Triple Targeted
Say goodbye to television (I tossed all mine in the recycling bin several years ago … quite a liberating experience).
Broadcast TV’s days are numbered, though when it will fade into distant technology memories is uncertain. Market forces can never be denied, and we are witnessing new and highly profitable ways of wasting people’s time (seriously, have you ever seen an episode of The View?). Broadcast TV’s demise will come both from consumer preference and the profit motives of providers and advertisers.
Is there any way we can speed-up the process? Please!
Broadcasting has always been a limited medium. Necessary in pre-digital and bandwidth poor eras, broadcasting was expensive and required people to be couch-bound at specific days and times lest they miss their favorite mental gruel. The high cost of entry isolated many creative people and separated viewers from buckets of new and potentially tastier gruel. Even starting a local television station, much less a national network, was expensive beyond anyone’s dreams. Cheap satellite bandwidth and cable affiliations went a long way to dropping barriers to entry, but it still required herculean effort to launch a TV channel.

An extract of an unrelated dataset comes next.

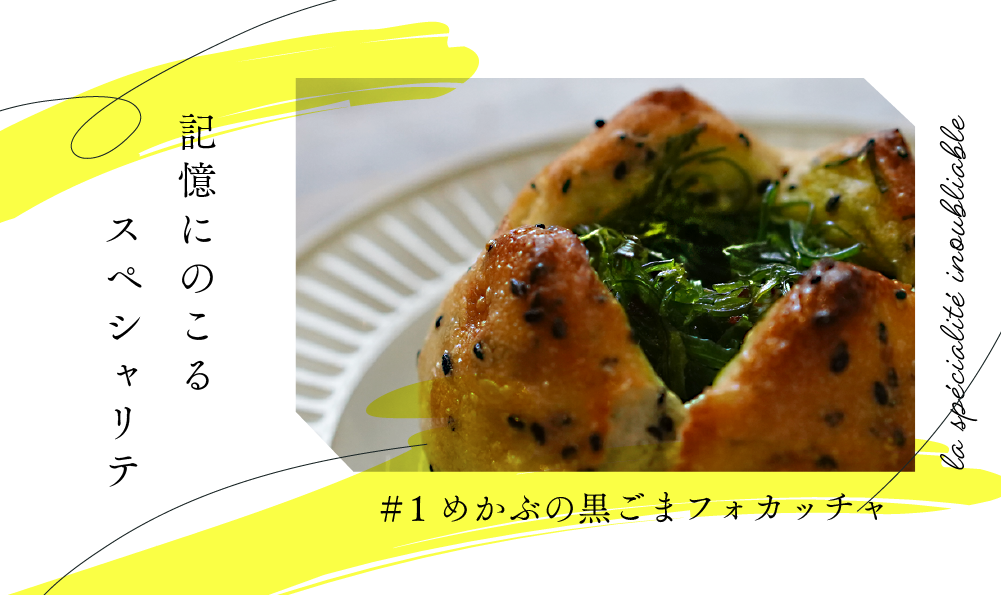 記憶にのこるスペシャリテ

Now anyone with a PC can do it on YouTube, and low-budget blockbusters are appearing on the likes of Netflix.
As with all things, following the money will tell you what will be profitable in the future. Netcasting (to hijack the term) is the tsunami that will eventually relegate network television to has-been status. Already people of all ages are migrating to non-broadcast consumption (that my daughter and father both consume non-broadcast media is an indicator of how viable and rapid this shift is). There are a number of customer, vendor and advertiser advantages that make netcasting an inarguable next phase in the numbing of human minds:
Asyncronisty: People have complex lives and non-aligned schedules. Netcasting allows them to consume content at their leisure, which makes them a more obtainable audience (larger viewer share).
Social: Office water coolers were broadcast television’s social media, and were thus limited to whoever was at the water cooler. Netcasting has built-in social sharing, and thus drives consumption faster, wider and deeper.
Targeting: Since people happily give some information to providers like Netflix and Amazon, it is easier for providers to attract advertisers since they can precisely target ads to the viewer (my wife and I get different ads even when we watch the same program – I get truck ads and she gets beauty product ads).
Modeling: Providers teaming with advertisers are tying big data on the back ends to model viewer behavior and consumption, making everything from A/B testing to remarketing fast, cheap and effective.
Scale: Try to scale any of this with a broadcast model. You can’t.
Say goodbye to the likes of ABC, NBC and CBS. Punt Big Bird to Roku. Turn your cable provider into a cheap bandwidth vendor. Say hello to being tightly identified, monitored and tracked so that you are compelled into buying more than ever before … and loving it.